The harassment consisted of unwelcome and humiliating verbal advances, comments and slurs of a sexual nature, for example:

  • I love your legs in that skirt. I'm going to be thinking about them wrapped around me all day long;
  • I love it when you're mean to me. It just makes me think how hot you would be in bed.

The trial judge also found that, as a consequence of the sexual harassment, Ms Richardson developed an adjustment disorder with features of anxiety and depression, from which it had taken approximately 12 months for her to recover once the harassment stopped.

Oracle was held to be liable for the unlawful conduct of the perpetrator - also its employee - and ordered to pay compensation of $18,000 for general damages to Ms Richardson. 

Appeal decision – what is the benchmark in relation to general damages?

On appeal against the original award, Oracle unsuccessfully argued that monetary awards for general damages arising from sexual harassment are ordinarily within the range between $12,000 and $20,000. 
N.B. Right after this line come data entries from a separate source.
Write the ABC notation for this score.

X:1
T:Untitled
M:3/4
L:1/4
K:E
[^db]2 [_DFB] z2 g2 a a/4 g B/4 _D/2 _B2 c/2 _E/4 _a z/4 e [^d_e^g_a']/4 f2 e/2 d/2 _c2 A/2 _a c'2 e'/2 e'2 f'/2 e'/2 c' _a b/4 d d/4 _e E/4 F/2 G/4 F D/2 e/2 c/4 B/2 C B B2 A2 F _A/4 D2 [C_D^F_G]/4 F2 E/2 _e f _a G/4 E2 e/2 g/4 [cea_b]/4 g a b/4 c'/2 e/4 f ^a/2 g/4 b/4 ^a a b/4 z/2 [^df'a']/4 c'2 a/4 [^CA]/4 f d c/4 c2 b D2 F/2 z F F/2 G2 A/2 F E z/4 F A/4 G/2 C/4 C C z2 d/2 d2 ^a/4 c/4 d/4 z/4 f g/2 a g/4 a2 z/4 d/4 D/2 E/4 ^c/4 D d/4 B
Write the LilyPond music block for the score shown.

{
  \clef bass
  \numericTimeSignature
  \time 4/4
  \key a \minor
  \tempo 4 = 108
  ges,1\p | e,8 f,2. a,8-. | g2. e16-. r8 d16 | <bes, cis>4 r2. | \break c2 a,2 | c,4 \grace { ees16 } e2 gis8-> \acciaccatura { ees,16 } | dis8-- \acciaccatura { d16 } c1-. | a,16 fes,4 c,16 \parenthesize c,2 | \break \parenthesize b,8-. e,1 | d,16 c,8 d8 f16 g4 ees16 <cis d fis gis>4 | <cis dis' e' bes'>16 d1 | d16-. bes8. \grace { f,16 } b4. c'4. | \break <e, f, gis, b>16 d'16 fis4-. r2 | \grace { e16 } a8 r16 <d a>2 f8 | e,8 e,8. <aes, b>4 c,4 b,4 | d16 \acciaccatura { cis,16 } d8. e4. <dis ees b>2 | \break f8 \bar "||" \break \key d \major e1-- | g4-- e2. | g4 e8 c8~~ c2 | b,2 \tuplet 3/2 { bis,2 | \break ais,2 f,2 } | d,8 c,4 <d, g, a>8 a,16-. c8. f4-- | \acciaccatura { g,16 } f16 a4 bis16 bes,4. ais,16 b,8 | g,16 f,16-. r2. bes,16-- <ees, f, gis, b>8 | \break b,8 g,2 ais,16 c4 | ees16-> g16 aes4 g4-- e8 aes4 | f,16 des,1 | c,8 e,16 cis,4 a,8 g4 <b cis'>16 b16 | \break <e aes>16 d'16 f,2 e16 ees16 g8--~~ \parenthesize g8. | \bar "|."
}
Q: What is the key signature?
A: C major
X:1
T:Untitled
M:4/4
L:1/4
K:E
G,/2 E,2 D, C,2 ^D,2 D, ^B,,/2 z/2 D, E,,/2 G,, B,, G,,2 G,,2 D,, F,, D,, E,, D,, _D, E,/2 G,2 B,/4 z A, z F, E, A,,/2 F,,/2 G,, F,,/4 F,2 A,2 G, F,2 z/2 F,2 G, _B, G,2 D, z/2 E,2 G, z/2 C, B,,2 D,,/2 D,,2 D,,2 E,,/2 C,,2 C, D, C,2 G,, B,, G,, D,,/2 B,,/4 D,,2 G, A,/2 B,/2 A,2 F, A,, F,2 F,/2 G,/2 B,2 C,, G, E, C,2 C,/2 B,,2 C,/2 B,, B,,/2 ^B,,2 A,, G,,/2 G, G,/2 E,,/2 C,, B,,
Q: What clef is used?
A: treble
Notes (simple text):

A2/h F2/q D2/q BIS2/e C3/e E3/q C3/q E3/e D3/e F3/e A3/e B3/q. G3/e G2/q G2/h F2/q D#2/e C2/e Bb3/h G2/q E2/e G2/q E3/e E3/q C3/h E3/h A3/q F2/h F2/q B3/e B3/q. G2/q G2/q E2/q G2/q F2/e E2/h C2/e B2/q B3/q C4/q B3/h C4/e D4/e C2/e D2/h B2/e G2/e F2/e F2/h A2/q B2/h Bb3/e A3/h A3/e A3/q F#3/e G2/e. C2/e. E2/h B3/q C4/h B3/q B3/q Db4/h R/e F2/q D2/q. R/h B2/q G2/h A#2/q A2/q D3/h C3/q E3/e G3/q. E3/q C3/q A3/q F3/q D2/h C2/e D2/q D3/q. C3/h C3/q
The Full Court relevantly observed:

 “...that continued adherence in sex discrimination cases, including sexual harassment cases, to a ‘range’ of damages awards that has not absorbed the increases evident in awards in other fields of litigation has resulted in an award in Ms Richardson’s case that, judged by prevailing community standards, is disproportionately low having regard to the loss and damage she suffered”.

Ms Richardson’s appeal was upheld by the Full Court which increased her general damages from $18,000 to $100,000.

What does this case mean for employers?

This landmark decision has important significance in relation to the enforcement of federal, State and Territory human rights laws and the general protections provisions prohibiting workplace discrimination in Part 3 –1 of the Fair Work Act 2009 (Cth). 

Employers may now find that victims of alleged human rights abuses (and their lawyers) will be less inclined to settle complaints for relatively modest sums.

More than ever, it is of upmost importance that all employers, small and large alike, have in place systems and processes designed to limit, if not eliminate, the risk of unlawful discrimination (including sexual harassment) in their workplaces. These would ordinarily include codes of conduct, workplace policies, training materials and processes compliant with applicable legislation to ensure that staff are properly trained and regularly reminded about their personal responsibilities and obligations.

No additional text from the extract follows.